═══ RECORD EXTRACTS

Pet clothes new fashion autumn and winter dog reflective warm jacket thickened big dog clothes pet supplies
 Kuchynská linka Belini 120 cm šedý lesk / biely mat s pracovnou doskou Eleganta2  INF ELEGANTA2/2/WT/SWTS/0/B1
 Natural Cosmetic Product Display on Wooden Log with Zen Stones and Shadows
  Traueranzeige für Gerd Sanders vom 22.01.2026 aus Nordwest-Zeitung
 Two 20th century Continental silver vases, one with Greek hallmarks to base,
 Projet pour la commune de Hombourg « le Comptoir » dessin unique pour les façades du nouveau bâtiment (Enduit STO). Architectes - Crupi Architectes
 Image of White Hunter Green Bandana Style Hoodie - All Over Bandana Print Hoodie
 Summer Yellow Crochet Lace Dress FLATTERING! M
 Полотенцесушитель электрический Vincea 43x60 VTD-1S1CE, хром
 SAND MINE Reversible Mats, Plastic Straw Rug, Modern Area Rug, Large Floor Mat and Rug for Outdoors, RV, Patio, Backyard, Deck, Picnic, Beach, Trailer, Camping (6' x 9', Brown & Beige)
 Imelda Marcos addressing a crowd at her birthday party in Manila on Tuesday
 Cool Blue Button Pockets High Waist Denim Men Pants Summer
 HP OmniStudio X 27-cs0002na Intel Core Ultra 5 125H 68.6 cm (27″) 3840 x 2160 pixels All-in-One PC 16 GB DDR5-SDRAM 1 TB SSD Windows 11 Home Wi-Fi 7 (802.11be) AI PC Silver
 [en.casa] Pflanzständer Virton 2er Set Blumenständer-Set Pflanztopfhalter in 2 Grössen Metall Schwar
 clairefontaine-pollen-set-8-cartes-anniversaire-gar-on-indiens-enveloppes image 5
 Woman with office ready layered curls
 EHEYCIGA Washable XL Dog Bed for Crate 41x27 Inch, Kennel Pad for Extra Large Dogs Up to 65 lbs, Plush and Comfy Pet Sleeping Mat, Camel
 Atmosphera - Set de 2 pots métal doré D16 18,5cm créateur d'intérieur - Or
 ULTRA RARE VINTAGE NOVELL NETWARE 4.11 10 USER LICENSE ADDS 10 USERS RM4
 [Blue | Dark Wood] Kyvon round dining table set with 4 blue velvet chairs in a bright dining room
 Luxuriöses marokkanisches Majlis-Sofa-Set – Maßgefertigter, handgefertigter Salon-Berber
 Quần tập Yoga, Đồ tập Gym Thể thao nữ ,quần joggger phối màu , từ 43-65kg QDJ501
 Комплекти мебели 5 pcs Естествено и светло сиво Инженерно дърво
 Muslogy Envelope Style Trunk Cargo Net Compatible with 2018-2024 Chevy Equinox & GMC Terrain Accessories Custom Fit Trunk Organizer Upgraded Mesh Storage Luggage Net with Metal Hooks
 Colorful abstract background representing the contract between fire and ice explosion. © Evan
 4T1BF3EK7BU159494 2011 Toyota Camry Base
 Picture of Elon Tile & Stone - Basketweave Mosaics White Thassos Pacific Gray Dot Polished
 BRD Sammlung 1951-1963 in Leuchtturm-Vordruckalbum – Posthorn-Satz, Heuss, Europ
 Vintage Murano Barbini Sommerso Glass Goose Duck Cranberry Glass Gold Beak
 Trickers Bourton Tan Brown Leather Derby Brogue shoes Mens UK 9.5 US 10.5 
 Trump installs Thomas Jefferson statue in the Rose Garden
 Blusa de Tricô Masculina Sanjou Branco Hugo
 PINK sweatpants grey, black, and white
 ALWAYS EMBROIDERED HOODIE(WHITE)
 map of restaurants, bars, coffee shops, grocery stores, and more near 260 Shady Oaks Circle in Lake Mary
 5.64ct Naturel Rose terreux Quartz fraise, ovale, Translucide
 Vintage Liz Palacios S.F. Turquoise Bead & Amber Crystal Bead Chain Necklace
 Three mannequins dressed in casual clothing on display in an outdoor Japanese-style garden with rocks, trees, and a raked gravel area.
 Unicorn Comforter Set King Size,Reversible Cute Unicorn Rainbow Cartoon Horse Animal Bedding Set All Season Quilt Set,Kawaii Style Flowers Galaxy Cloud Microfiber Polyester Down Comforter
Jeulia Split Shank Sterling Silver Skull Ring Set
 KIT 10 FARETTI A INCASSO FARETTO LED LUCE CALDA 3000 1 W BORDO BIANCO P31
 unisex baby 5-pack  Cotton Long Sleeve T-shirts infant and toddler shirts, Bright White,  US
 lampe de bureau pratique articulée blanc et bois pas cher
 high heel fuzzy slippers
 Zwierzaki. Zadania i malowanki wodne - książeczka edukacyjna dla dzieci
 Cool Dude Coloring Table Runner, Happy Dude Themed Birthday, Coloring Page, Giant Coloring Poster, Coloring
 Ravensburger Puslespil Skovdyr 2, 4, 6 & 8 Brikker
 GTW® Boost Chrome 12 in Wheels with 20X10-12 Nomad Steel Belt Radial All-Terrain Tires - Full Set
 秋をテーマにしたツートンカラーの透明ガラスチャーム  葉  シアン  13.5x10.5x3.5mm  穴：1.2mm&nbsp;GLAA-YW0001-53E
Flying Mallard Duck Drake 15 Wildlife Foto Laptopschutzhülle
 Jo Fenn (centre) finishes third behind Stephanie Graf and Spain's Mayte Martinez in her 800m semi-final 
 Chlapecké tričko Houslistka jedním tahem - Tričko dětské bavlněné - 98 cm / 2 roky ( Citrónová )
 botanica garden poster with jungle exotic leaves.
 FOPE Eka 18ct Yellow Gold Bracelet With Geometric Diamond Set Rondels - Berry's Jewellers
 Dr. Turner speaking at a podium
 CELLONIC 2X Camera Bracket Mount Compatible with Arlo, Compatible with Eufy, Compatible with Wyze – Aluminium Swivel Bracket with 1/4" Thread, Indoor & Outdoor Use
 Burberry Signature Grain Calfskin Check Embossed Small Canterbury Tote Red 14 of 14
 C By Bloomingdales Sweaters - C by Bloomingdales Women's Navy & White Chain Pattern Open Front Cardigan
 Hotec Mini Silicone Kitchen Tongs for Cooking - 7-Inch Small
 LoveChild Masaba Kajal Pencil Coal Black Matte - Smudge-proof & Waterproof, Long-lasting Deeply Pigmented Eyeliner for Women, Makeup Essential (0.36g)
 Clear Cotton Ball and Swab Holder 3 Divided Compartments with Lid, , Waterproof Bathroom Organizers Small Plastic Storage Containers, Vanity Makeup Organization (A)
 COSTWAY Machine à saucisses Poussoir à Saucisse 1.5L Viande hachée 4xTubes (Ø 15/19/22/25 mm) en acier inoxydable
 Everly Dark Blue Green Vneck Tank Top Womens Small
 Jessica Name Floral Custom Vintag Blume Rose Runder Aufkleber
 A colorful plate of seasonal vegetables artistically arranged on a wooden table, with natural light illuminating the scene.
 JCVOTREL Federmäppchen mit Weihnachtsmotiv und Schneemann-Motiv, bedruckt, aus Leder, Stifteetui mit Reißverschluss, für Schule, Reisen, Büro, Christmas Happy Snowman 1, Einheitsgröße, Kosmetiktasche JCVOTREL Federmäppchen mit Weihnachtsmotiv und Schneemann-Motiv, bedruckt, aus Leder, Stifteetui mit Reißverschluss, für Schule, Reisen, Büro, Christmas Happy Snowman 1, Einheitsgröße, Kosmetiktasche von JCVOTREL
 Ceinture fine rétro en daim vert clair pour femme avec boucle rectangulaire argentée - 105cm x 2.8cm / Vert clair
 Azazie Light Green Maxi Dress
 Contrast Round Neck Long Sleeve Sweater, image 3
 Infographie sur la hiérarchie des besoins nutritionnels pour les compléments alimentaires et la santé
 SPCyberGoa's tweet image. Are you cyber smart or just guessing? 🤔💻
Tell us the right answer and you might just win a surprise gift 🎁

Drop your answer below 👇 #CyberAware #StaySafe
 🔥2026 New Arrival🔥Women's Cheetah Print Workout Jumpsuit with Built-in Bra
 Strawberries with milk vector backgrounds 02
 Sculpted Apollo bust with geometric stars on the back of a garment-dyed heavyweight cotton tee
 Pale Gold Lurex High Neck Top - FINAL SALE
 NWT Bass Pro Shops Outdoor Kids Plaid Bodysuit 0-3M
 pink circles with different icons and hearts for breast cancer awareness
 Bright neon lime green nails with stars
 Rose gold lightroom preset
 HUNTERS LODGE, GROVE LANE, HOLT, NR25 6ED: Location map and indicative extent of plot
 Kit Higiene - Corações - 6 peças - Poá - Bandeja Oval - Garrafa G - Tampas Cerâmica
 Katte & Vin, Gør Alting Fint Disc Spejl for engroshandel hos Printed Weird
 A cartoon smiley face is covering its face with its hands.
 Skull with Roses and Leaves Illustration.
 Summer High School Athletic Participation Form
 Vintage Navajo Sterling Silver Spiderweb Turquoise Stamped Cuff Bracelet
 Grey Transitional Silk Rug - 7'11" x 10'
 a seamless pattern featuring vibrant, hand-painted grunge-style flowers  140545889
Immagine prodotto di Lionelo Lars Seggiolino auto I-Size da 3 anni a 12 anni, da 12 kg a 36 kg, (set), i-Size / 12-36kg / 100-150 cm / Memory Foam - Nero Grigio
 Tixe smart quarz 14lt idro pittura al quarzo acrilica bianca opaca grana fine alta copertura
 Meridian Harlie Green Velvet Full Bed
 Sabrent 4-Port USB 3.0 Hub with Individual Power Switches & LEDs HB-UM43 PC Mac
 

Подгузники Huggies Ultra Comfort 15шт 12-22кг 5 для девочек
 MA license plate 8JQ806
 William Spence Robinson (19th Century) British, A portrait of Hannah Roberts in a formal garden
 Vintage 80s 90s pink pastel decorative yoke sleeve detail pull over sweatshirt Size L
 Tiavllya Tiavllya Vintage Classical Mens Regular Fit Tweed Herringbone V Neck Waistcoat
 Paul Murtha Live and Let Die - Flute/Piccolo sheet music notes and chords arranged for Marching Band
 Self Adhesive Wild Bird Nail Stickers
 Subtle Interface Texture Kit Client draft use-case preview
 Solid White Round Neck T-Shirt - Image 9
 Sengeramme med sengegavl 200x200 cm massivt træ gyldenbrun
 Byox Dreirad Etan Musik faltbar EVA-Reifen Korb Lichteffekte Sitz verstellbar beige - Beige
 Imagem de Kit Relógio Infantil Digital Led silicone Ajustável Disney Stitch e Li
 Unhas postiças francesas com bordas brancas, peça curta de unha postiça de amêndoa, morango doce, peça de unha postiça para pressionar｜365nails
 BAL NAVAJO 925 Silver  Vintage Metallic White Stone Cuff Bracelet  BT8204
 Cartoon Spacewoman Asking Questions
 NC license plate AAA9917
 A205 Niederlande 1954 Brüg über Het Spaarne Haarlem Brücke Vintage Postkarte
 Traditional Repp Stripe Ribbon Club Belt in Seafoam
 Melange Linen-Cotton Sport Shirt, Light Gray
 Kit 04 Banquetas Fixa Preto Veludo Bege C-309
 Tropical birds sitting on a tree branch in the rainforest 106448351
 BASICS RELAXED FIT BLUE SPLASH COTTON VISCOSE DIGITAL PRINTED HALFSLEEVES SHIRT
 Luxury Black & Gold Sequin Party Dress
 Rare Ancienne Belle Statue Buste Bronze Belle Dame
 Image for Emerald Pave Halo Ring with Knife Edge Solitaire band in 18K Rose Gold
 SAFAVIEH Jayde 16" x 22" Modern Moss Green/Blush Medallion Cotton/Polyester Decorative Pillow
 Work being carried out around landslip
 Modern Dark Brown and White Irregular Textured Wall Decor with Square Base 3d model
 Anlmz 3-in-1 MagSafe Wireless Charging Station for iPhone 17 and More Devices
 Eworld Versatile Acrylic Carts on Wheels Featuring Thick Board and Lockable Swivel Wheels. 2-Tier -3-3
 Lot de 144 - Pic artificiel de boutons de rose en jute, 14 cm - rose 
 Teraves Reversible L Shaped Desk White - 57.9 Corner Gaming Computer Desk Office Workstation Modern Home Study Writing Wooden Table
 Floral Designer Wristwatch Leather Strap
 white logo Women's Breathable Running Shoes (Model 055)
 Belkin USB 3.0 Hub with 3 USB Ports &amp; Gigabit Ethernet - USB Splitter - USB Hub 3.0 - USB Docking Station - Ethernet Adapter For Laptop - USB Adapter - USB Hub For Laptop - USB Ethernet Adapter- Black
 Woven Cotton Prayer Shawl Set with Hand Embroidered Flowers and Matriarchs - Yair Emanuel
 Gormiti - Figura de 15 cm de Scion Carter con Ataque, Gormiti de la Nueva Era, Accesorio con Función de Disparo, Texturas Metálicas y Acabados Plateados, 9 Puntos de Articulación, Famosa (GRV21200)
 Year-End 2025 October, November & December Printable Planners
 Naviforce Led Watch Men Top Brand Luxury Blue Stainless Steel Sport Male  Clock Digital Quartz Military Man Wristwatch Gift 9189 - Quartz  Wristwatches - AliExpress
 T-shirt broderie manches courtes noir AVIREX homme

══════

- **WORK TASK**: The required output is every line above from the one with "Luxury Black & Gold Sequin Party Dress" down to the one with "white logo Women's", restated word for word, ends included.

- **OUTPUT OF THE EXERCISE**:
 Luxury Black & Gold Sequin Party Dress
 Rare Ancienne Belle Statue Buste Bronze Belle Dame
 Image for Emerald Pave Halo Ring with Knife Edge Solitaire band in 18K Rose Gold
 SAFAVIEH Jayde 16" x 22" Modern Moss Green/Blush Medallion Cotton/Polyester Decorative Pillow
 Work being carried out around landslip
 Modern Dark Brown and White Irregular Textured Wall Decor with Square Base 3d model
 Anlmz 3-in-1 MagSafe Wireless Charging Station for iPhone 17 and More Devices
 Eworld Versatile Acrylic Carts on Wheels Featuring Thick Board and Lockable Swivel Wheels. 2-Tier -3-3
 Lot de 144 - Pic artificiel de boutons de rose en jute, 14 cm - rose 
 Teraves Reversible L Shaped Desk White - 57.9 Corner Gaming Computer Desk Office Workstation Modern Home Study Writing Wooden Table
 Floral Designer Wristwatch Leather Strap
 white logo Women's Breathable Running Shoes (Model 055)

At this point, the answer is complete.